China’s big oil firms have tentatively increased their collective export target to roughly two-thirds of what they were selling a year ago. But with tensions in Hormuz rising, a proper lifting of export restrictions now looks a long way off, says Frédéric Lasserre of Gunvor, a trading firm.

A full ban could return at any point.

Russia’s refineries, meanwhile, are under assault. Ukraine’s drone campaign against them has shifted up several gears since April. Drones are hitting more targets, more often, and farther into Russia (a mega-plant in western Siberia, 2500km from the front, was struck on July 6).

These include sophisticated units within the refineries that upgrade crude-oil fractions into high-value products. Some can take months to repair.

In June Russia’s refineries processed 3.8m b/d of crude, 1.5m b/d down from the level in January, estimates JPMorgan Chase, a bank.

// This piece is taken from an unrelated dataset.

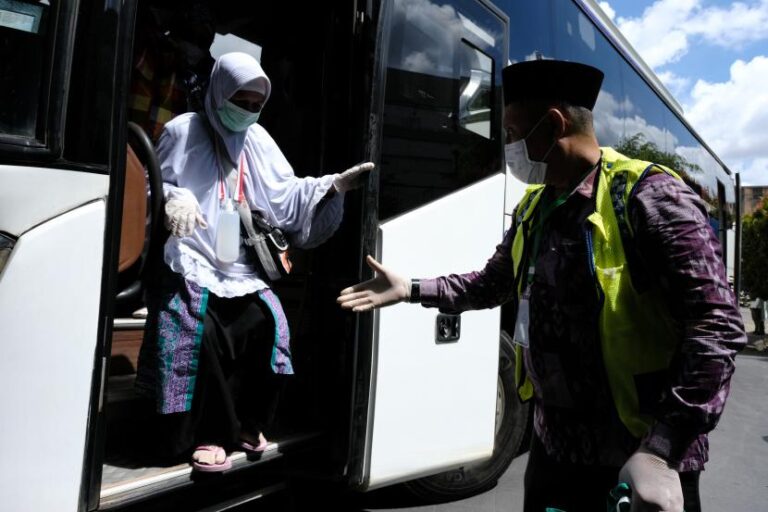Petugas Sambut Jamaah Hangnadim yang baru datang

Most petrol and kerosene usually stays in Russia; now shortages, in the middle of holiday season, are causing chaos. In some regions drivers have queued for days, sales have been rationed and pump prices are up to 50 per cent above normal.

Farming, utilities and logistics are being disrupted too.

Nearly half of Russia’s diesel, and almost all its fuel oil, used in shipping, is usually exported. Russia is the world’s second-largest supplier of diesel (with 12 per cent of global exports) and the leader in fuel oil (16 per cent).

Exports have slumped and the Government has banned further diesel shipments. That affects more than the few buyers braving Western sanctions. Turkey, the main one, will now keep its refined diesel at home, starving the rest of the Mediterranean, notes Mick Strautmann of Vortexa, a ship-tracker.

Brazil is replacing Russian diesel with American supply, further squeezing Atlantic buyers. The loss may ripple across other products, as refiners prioritise diesel output over jet fuel and petrol, says Benedict George of Argus.

If the shooting stops in the Gulf and Hormuz reopens reliably, Asian refining resurges and Russian output recovers, supply will return just as the northern summer ends.

But those are big ifs. A less benign scenario would oblige America — the world’s swing exporter — and importers to draw down already low stocks. Eventually product prices would jump further, squashing demand and encouraging refineries to produce more (in which case crude prices would also rise).

The biggest oil shock in history is not over. The mood of motorists in America and Europe still hangs on battles thousands of miles away.